SINGAPORE (BLOOMBERG) - Fitch Ratings Ltd. placed Noble Group Ltd.'s ratings on negative watch as Asia's largest commodity trader is seen to face less financial flexibility amid a challenging market.
Noble's long-term issuer default rating, senior unsecured rating and debt ratings of 'BBB-' are being placed on rating watch negative as Fitch expects the company "will focus more on shorter-term and secured financing to lower financing costs amid a difficult operating environment," the ratings firm said in a statement Friday.
The negative watch will be resolved when Noble completes the refinancing its committed bank facilities due this month, and on the announcement of its quarterly results, Fitch said. The resolution will also reflect the agency's revised assessment of Noble, including taking into account of its focus on short- term debt financing in the future and its improved balance-sheet structure after it repaying debt, Fitch said.
Noble is seeking to chart a recovery in 2016 after a savage year in which it posted the first annual loss in almost two decades, had its credit rating cut to junk and saw its shares sink along with a rout in raw material prices.

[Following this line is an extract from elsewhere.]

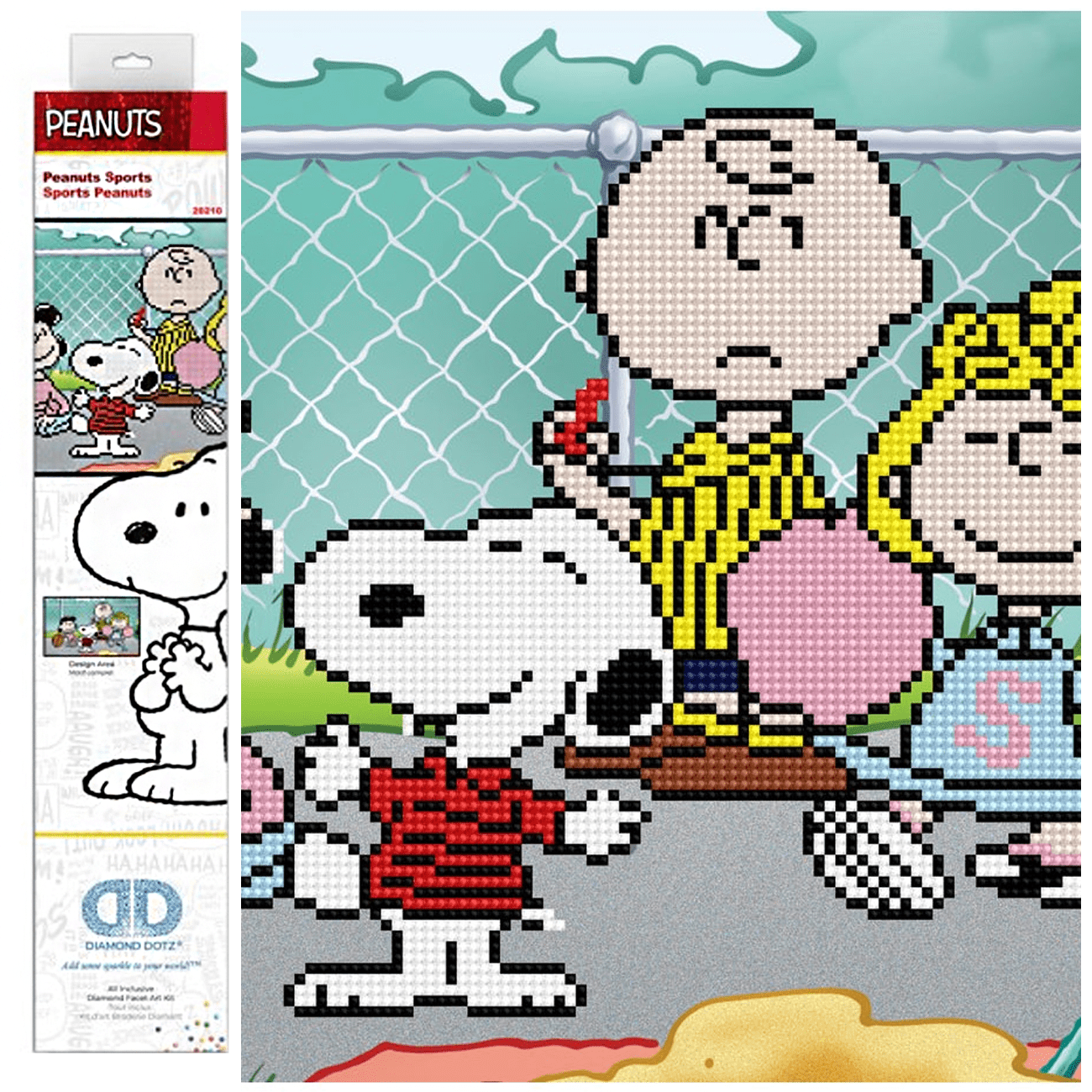 Diamond Dotz Peanuts Sports (Peanuts)  Snoopy Diamond Painting Kit 18"x 11"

While the costs of the group's revolving-credit facility are seen rising, its weighted average cost of debt is expected to remain about the same, Chief Executive Officer Yusuf Alireza said last month.
Noble's shares, which plunged 65 per cent in 2015 and were removed from the blue-chip Straits Times Index, have climbed 1.3 per cent this year to 40.5 Singapore cents by the close of Friday trading on the city's bourse.